Au neuvieme siecle, nous eumes une autre sorte de Voyage par Hetton, moine et abbe de Richenou, puis eveque Bale. Cet homme, habile dans les affaires, et employe comme tel par Charlemagne, avoit ete en 811 envoye par lui en ambassade a Constantinople. De retour en France, il y publia, sur sa mission, une relation, que jusqu'ici l'on n'a pas retrouvee, et que nous devons d'autant plus regretter qu'infailliblement elle nous fourniroit des details curieux sur un Empire dont les rapports avec notre France etoient alors si multiplies et si actifs. Peut etre au reste ne doit on pas la regarder comme tout-a-fait perdue; et il seroit possible qu'apres etre restee pendant plusieurs siecles ensevelie dans un manuscrit ignore, le hasard l'amenat un jour sous les yeux de quelqu'un de nos savans, qui la donneroit au public.
C'est ce qui est arrive pour celle d'un autre moine Francais nomme Bernard; laquelle, publiee en 870, a ete retrouvee par Mabillon et mise par lui au [Footnote: Ubi supra. p. 523.] jour. Ce n'est, comme celle d'Arculfe, qu'un voyage de Terre Sainte a la verite beaucoup plus court que le sien, ecrit avec moins de pretention, mais qui, a l'exception de quelques details personnels a l'auteur, ne contient de meme qu'une seche enumeration des saints lieux: ce qui l'a fait de meme intituler: De locis sanctis.

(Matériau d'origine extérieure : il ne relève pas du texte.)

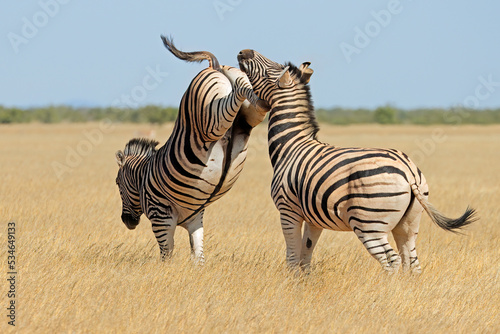 Two plains zebra stallions (Equus burchelli) fighting and kicking, Etosha National Park, Namibia.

Cependant la route des deux pelerins fut differente. Arculfe etoit alle directment en Palestine, et de la il s'etoit embarque une seconde fois pour voir Alexandrie. Bernard, au contraire, va d'abord debarquer a Alexandrie. Il remonte le Nil jusqu'a Babylone, redescend a Damiette, et, traversant le desert sur des chameaux, il se rend par Gaza en Terre Sainte.